2013 The Year Ahead For Businesses

Written on the 10th of February 2013

No age limit for super contributions

From 1 July 2013, the upper age limit for superannuation contributions will be abolished.   Employers will be required to contribute to the complying super funds of eligible mature age employees aged 70 and older.

Payslip reporting of super payments

From 1 July 2013, employers will need to provide additional information about superannuation contributions on an employee’s payslip.  Employers will need to report the amount and expected date of contributions they are making. 

Living away from home

If you have employees living away from home, you need to know about the changes to the Living Away From Home Allowance system.  The Government tightened the eligibility rules from 1 October 2012 for all new agreements entered into from 8 May 2012. Transitional rules can apply to arrangements entered into prior to 8 May 2012 but the full set of new rules will apply from 1 July 2014 or when the arrangement is modified (whichever comes first).

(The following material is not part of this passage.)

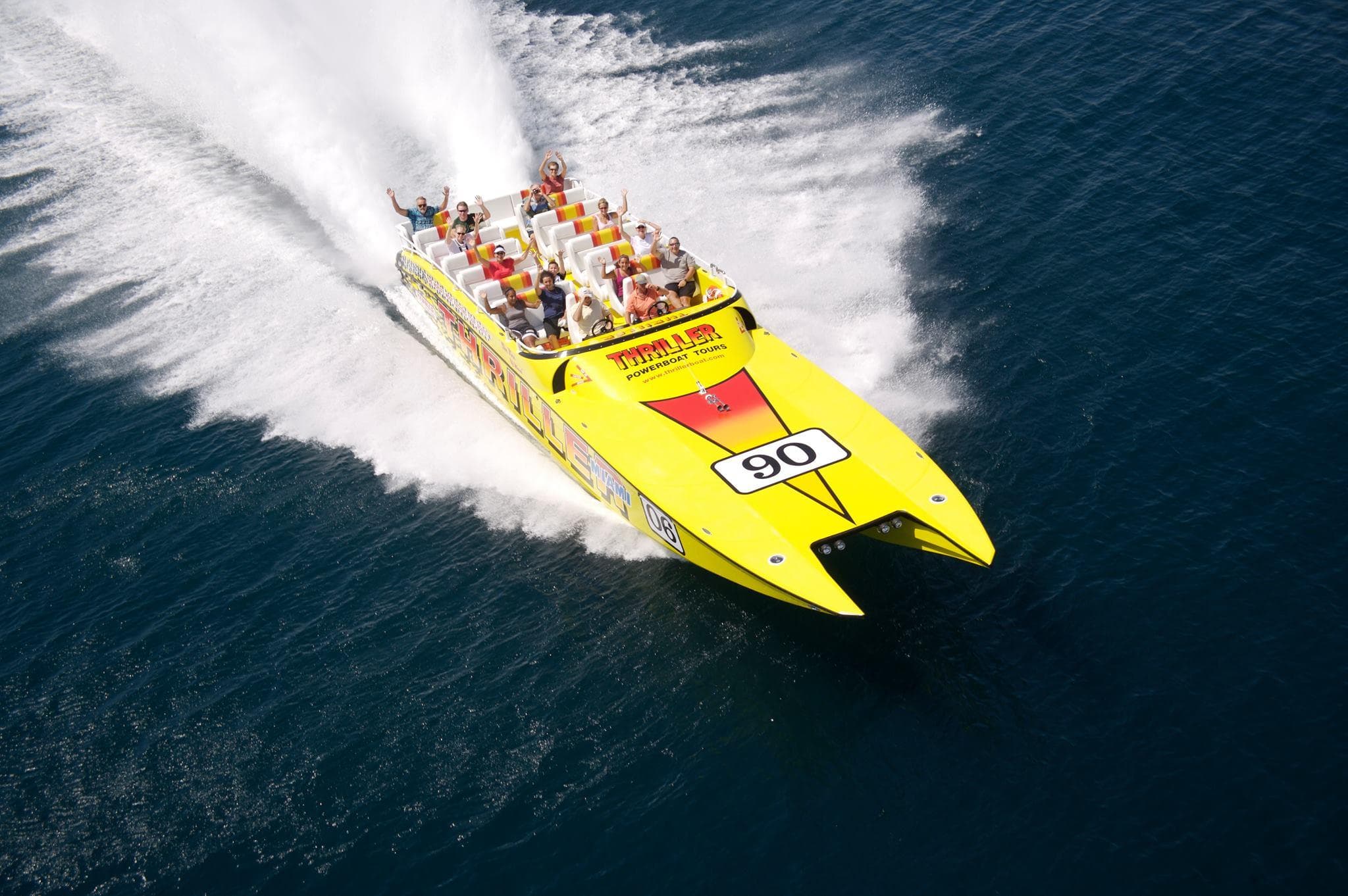Aerial action shot of high-speed powerboat leaving white wake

Basically, the new rules limit the concession to 12 months in a particular work location (except for fly in fly out employees), require temporary residents and non-residents to maintain a home in Australia, and receipts to be kept for all expenses.

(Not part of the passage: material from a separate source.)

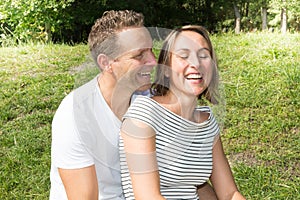 Happy laughing lovely young couple in love spending time outdoors summer day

In-house fringe benefit changes

The concessional fringe benefit tax treatment of in-house fringe benefits provided by employers under salary sacrifice arrangements was abolished from 22 October 2012 (transitional rules apply until 1 April 2014 for existing agreements).    This change will particularly affect retailers providing discounted goods such as clothing, and organisations such as private schools that provide discounted education for children of employees.

Previously, in-house property and residual benefits were eligible for a 25% reduction in the taxable value.   While this change occurred in 2012, we are likely to see the full effect in 2013 and beyond.

Building and construction industry reporting

A new reporting regime came into effect on 1 July 2012 requiring businesses in the building and construction industry to report payments to contractors.  The first of these reports is due on 21 July 2013.  Businesses affected by the reporting regime need to report the contractor’s ABN, name, address, gross amount paid for the financial year, and total GST included in the gross amount.